There will be data to start playing eith, on S3 and kafka topics etc. My expectatio is to add one or two dockers in a already bubbling data stack and start playing with them in an hour or two.

Ideally, we'd start sharing these pluggable stack items so I can just clone a repo and start fiddling with a new tech in the stack and datasets I already know. Or the ones I chose to add my stack. Reduce cognitive load and effort to start learning a new tech.

some tech stuff

Most services come with a web ui on a typical web port, that I want to map to localhost. Let's make those ports unique in the entire fds. Actually, we generalize that to say all services should be able to run in parallel without conflicts. In development it really helps if services are callable using the same hostname on the host as in the docker network. It doesn't solve every situation, but it really makes it easier. That's easily accomplished by mapping them in the hosts file. After dealing with spark it becomes clear we need the ability to define storage on the exact same location on the host and the containers, realtive paths and "user" paths have proven unreliable. We require a known root folder where freeds can create any folder needed. The containers will create the exact same folder structure, most folders will are mounted from parallel structure on the host. The "production" way of doing this is to use an object storage. So, we'll provide an S3 service which will be used for for data, notebooks and other things it works well for.

Architecture

Each stack item has a docker compose file starting up only that item. A docker network is created outside the docker compose files and all containers simply refer it. A list of all ports used by different services is maintained here, as services are added ports are configured and re-mapped to make every hostname and port used globally unique. Each stack is given a name defined in configuration file, specifying the folder names of services in the stack. A python CLI is created to run docker compose in each folder, it changes the current directory before calling docker compose so relative paths can be used.

Labs

Some stuff go into the central the-free-dat-stack repo for re-use. Other thing go into lab repos. Like the bunch of notebooks to do the wikipedia pageviews analysis. There will be more info on how to make your own labs and, yes, the plugin thingy needs a bit more work before you can add your own repos, but it's very close and do make pull request.

Included Labs

Wikipedia Pageviews

Currently considered "done". Documentation: https://github.com/jens-koster/the-free-data-stack/blob/main/docs/labs/wikipedia_pageviews.md

JafKafe

In progress. dbt jaffle shop generator as real time kafka event producer. Figuring the dbt models already provided will provide free wrok at the end of the pipeline.

Close, but not yet there

Øresund Train Spotter

I've mothballed this to work on the JafKafe lab.
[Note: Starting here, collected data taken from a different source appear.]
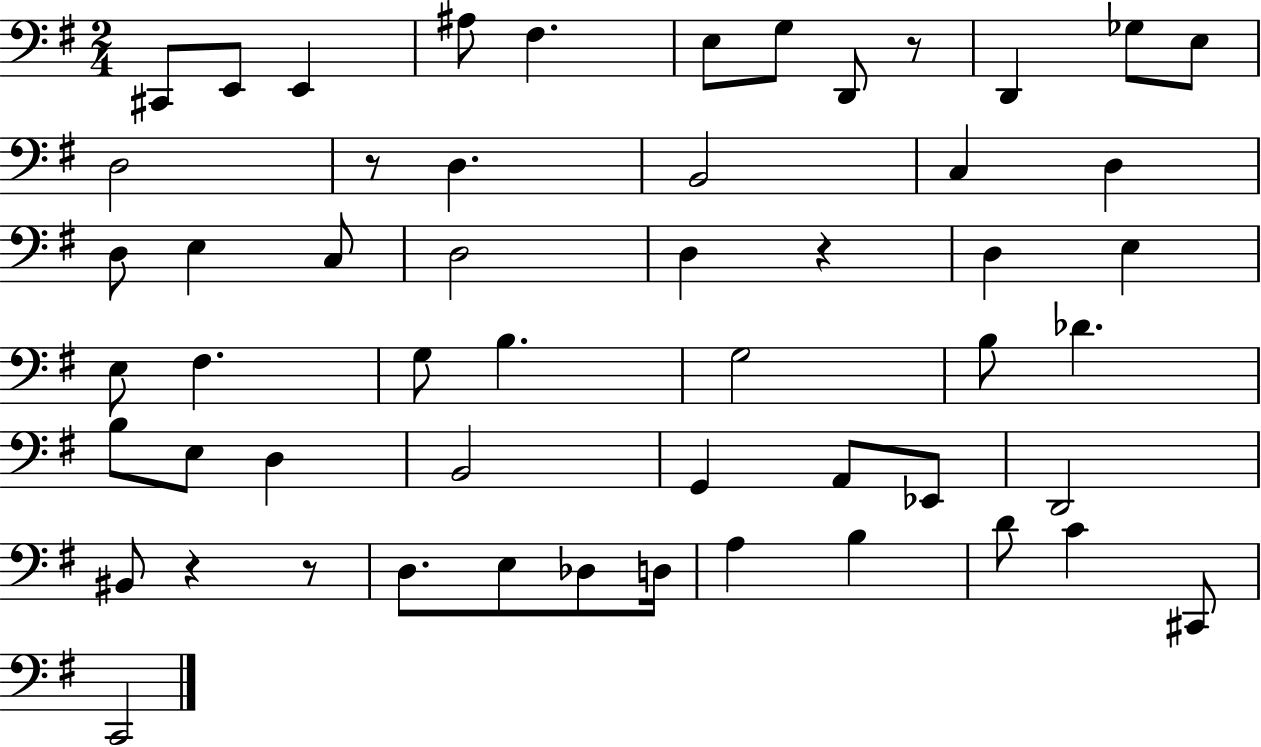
{
  \clef bass
  \numericTimeSignature
  \time 2/4
  \key g \major
  cis,8 e,8 e,4 | ais8 fis4. | e8 g8 d,8 r8 | d,4 ges8 e8 | \break d2 | r8 d4. | b,2 | c4 d4 | \break d8 e4 c8 | d2 | d4 r4 | d4 e4 | \break e8 fis4. | g8 b4. | g2 | b8 des'4. | \break b8 e8 d4 | b,2 | g,4 a,8 ees,8 | d,2 | \break bis,8 r4 r8 | d8. e8 des8 d16 | a4 b4 | d'8 c'4 cis,8 | \break c,2 | \bar "|."
}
Repo: https://github.com/jens-koster/freeds-train-spotter

Project: https://github.com/users/jens-koster/projects/3

create the root freeds folder

After various attempts I came to the conclusion that we need a folder that can be on the same path in all of freeds, dockers, host, everything.
Not including any current-user stuff, not a tmp folder that is magically recreated on restart. a simple persistent file folder for storing things...
Especially spark is very finicky about...well everything, which includes folder locations.

So, at least on mac you need to be root to create top level folders and then make yourself owner of that folder.

sudo mkdir /opt/freeds
sudo chown -R $USER:$USER /opt/freeds

Docker desktop on mac protects the host by only allowing mounting on a few default folders like /tmp and ~, so you need to add /opt/freeds to the list in Settings->Resources->File sharing.

plugin folder structure

Plugins reside in a repo, which has a git url. Assumptions (to keep things simple):

  • all repos are cloned to the same root dir, they need not be alone in it, but all are in the same directory.
  • the git repo is cloned to a directory named as the repo, repo names are not required to be the same as the github repo names except for the core freeds repos. Allowing name clashes to be resolved in repos.yaml.
  • plugins are in directories directly under a repo dir, one plugin in each directory. There can be other folders in the repo. (but plugin names are unique under the repo name)
  • plugin directories are named after the plugin, plugin names are defined in config files. One config file per repo.
  • There's a plugins.yaml config file that define the plugins in the-free-data-stack.
  • There's a repos.yaml defining the other plugin repos
  • there's a docker-compose.yaml file in every plugin directory
  • there's a README.md in every plugin directory

How to find the roots: nyi: a ~/.freeds file is created poiting to a location for /opt/freeds and the full path to the folder with the repos. Default freeds searches the current directory and upwards to find the parent of 'the-free-data-stack' dir for repo root. It assumes '/opt/freeds' for the root of the app files.

Networking

All docker compose files use a common network named freeds-network. There's no "create if not exists" for networks in docker-compose so it needs to be created stand alone before firing up anything else. It is included in setup.sh

port allocations

Port number mappings are kept globally unique, allowing us to run any ports of the stack together without port clashes. All ports in docker shouare mapped to 127.0.0.1 on the host, to avoid exposing anything outside the local host.

host mappings

Find out how to edit the hosts file on your os;

# mac:
sudo nano /etc/hosts

and add the following mappings:

127.0.0.1 spark-master
127.0.0.1 spark-worker-1
127.0.0.1 spark-worker-2
127.0.0.1 s3-minio
127.0.0.1 freeds-config
127.0.0.1 postgres
127.0.0.1 devpi
127.0.0.1 redisinsight
127.0.0.1 redis
127.0.0.1 airflow-webserver
127.0.0.1 akhq
127.0.0.1 kafdrop
127.0.0.1 kafka-con-1
127.0.0.1 kafka-bro-2
127.0.0.1 kafka-brocon-3
127.0.0.1 kafka-brocon-4

Storage

Anything that can reasonably go on S3 shoud do so, we use minio S3 to provide a local (and free) S3 storage. Sharing data on disk between dockers turned out not to solve all use cases. The airflow DockerOperator where you do "Docker in Docker", I could not get the spawned docker to mount a host directory. S3 and the config api server means we only need to supply the config server url to any docker in docker or host container. It is also easier editing a config on file and then directly using it in the code, rather than piping things thorugh env variables and whatnot. FREEDS is "opinionated", flexibility is traded for simplicity where it makes sense.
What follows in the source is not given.